近年、「女性活躍」が注目されています。1975年(昭和50)年、全日本ろうあ連盟に婦人部(現:女性部)が設立された頃の状況についてお聞かせください。

昭和47年に長野県で開催された全国ろうあ者大会婦人の集いでの集合写真

 私が初めて婦人運動を知ったのは1968年(昭和43年)の頃です。福島でのろうあ者全国大会で、関西の婦人の評議員4〜5名が立ち上がり、「ろうあ連盟は男性だけで決めている。婦人も入れてほしい。」と発言し、各地での婦人部設立を要求しました。その時は、300人位の評議員の中でも女性は10名以下だったので、「聞いておきます」という回答で終わりました。

 でも、婦人の先輩方は諦めず、まず、近畿地区で婦人部がスタートし、続いて関東地区でも婦人部が設立されました。1970年(昭和45年)には、ろうあ連盟で初めての女性理事として吉見輝子さんが選ばれて、ろうあ連盟婦人部設立担当理事となり、全日本ろうあ連盟婦人部設立準備委員会が発足しました。

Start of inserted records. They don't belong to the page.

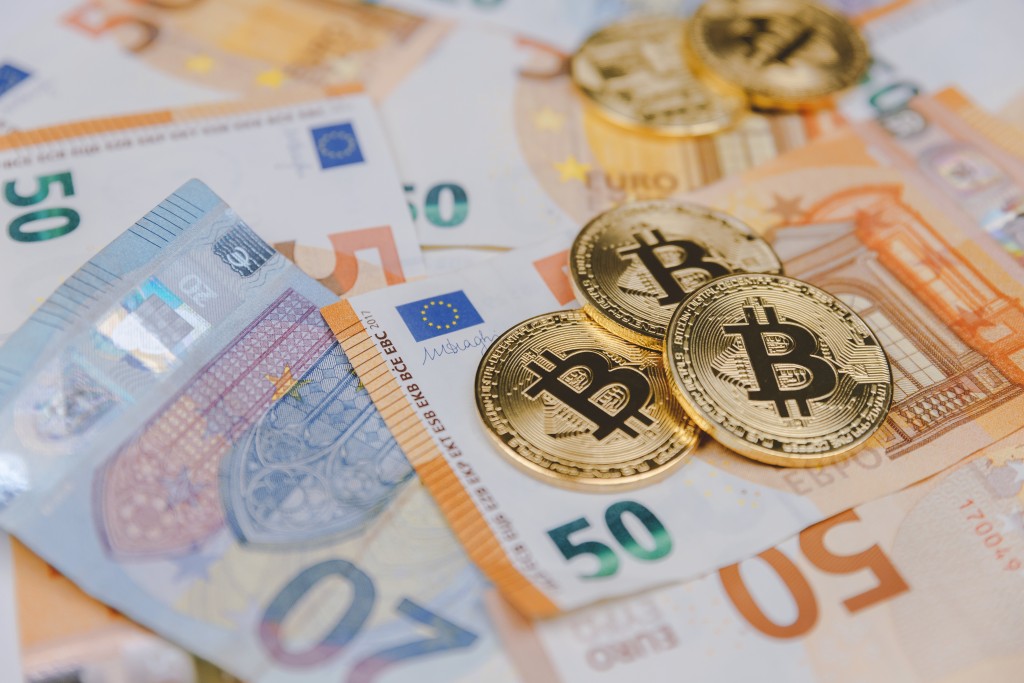 Bitcoins and euros, money and currency exchange rate ...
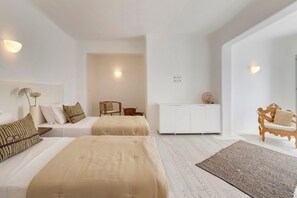 A hotel room with two beds, a white wardrobe, a wooden chair, and a small table. - Mykonos Seaview Villa Alea (Mykonos)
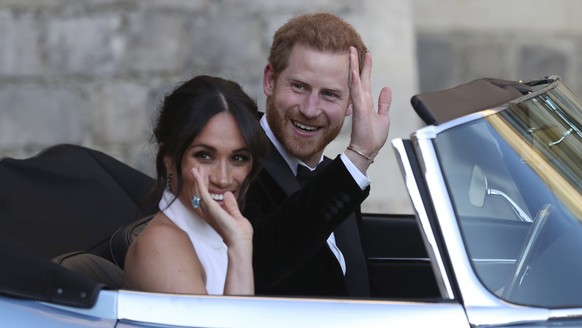 FILE - In this Saturday, May 19, 2018 file photo the newly married Duke and Duchess of Sussex, Meghan Markle and Prince Harry, leave Windsor Castle in a convertible car after their wedding in Windsor, ...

 1971年(昭和46年)には、第1回全国ろうあ婦人集会が京都で開かれて600人位集まったのですが、それは、「涙の集会」と言われました。家の中で虐げられる状態とか、子どもを産みたかったが(断種や中絶手術を施されて)産めなかったという人がたくさんいらして、そういう苦労話がいっぱい出された集会だったのです。

婦人部活動をしていた方々と共に

 自分の意思で結婚して子供を産むことができるようになったのは 1965年(昭和40年)代後半頃からです。1947年(昭和22年)に教育基本法に学校の義務教育化が入ってから、その時期に勉強した人たちが20歳を超えて成人した頃、ろうあ連盟青年部が盛り上がりましたし、青研結婚も増えて、その影響はとても大きいですね。それ以前については.話をきくだけでも人権侵害はいっぱいあります。

 こうして、婦人評議員たちが声をあげてから7年後の1975年(昭和50年)、全日本ろうあ連盟に婦人部が設立されました。みんなで本当に喜びあいましたね。